At 84, Bush seems as sharp as ever in his observations, though he moves around more slowly than he did during his once frenetic days of shopping, biking and tennis in Beijing. The former president has undergone hip and back surgeries and was helped up the stairs to his seat at the basketball game by a Secret Service agent.
During the interview, he's wearing an open-collar white shirt, blue blazer with a patch marking his honorary captainship, and orange socks. As he warms enthusiastically to the subject of China, he employs the same familiar hand gestures that comedian Dana Carvey once satirized on "Saturday Night Live."
In the audience at the embassy event Friday was Henry A. Kissinger, who along with President Richard Nixon was one of the architects of the opening to China in the early 1970s. One of the intriguing sub-themes of Bush's China diary is his feelings about the strong-willed secretary of state: While admiring of his diplomatic skills, the China envoy is also disturbed by Kissinger's secretive and Machiavellian ways.
Three decades later, Bush seems a bit uneasy talking about the diary's extensive discussions of Kissinger.
"Everybody wants to focus on that, and I hope you also read in the [book's foreword] the kind things I said of him, the respect I have for him," Bush says in the interview. "But he wasn't easy on his staff."
Jeffrey A. Engel, the Texas A&M professor who edited the diary, says the ex-president made no effort to interfere with his work. The diary, which the envoy dictated onto tapes (they were later transcribed by aides), offer an arresting portrait of a future president eagerly engaged in the routine business of daily diplomacy.

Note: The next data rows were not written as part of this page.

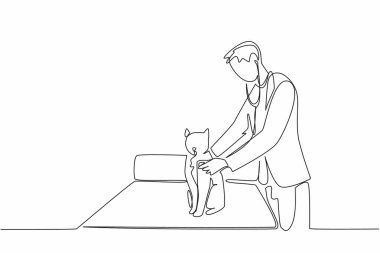 Bir çizgi, tedavi yatağında oturan bir kedinin göğsünü inceleyen erkek veteriner çiziyor. Başka kontroller yapılıyor. İş. Dünya Veterinerler Günü. Devamlı çizgi tasarımı grafik çizimi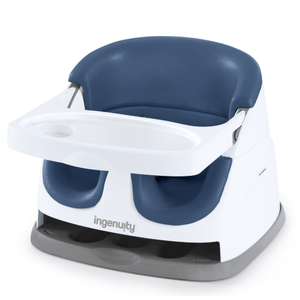 Ingenuity Baby Base 2-in-1 Booster Feeding and Floor Seat with Self-Storing Tray - Slate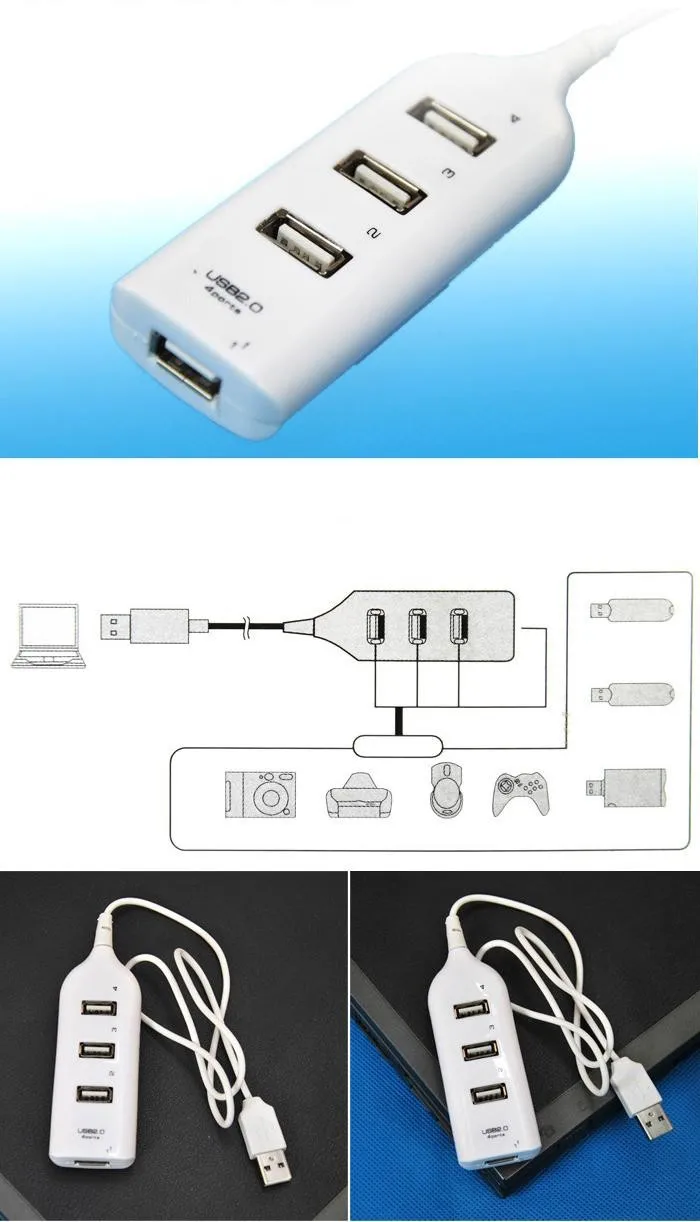 Проводной 4 Порты и разъёмы USB 2,0 концентратор высокой Скорость usb-хаб адаптер для портативных ПК#171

Bush comes across as a hands-on ambassador who pays attention to details like the cost of his meals or the quality of school for the children of embassy officials. While he later came to be described by some as relatively tolerant of China's human rights abuses, in the diary (which Engel says Bush never thought would be made public) he emerges as a clear-eyed and sharp critic of the Communist Party's repression and what he describes as its empty "canons of rhetoric."
Still, in the interview, Bush adopts a longer-term view of China's political evolution: He says he strongly agreed with his son's critique last week of China for its lack of liberty ("He made a profound statement"), but he also says that "there are far more individual liberties in China today and human rights than when I lived there. It's not even a close call, and China doesn't get any credit for that from these groups that say it's not far enough."
Bush says he is glad the opening ceremonies went off without a hitch on Friday. "I think some people were predicting that people would try to disrupt it, and I would be totally out of sympathy with that," he adds, before praising President Bush's decision to come to China for the Olympics.
"Remember the big flurry -- the president has got to boycott the opening ceremony?" Bush asks. "Well, he didn't do that, and I think he made the right decision. And I think the fact that he made that decision had a lot to do with others' approach to it, [not] boycotting, and I think it did a lot to strengthen the U.S.-China relationship today, which is better than at any time in history, if you take the word of Hu Jintao and other Chinese leaders."
"Give credit," says the former president once known as the China desk officer at the White House, "for how far they have come; that's what I do."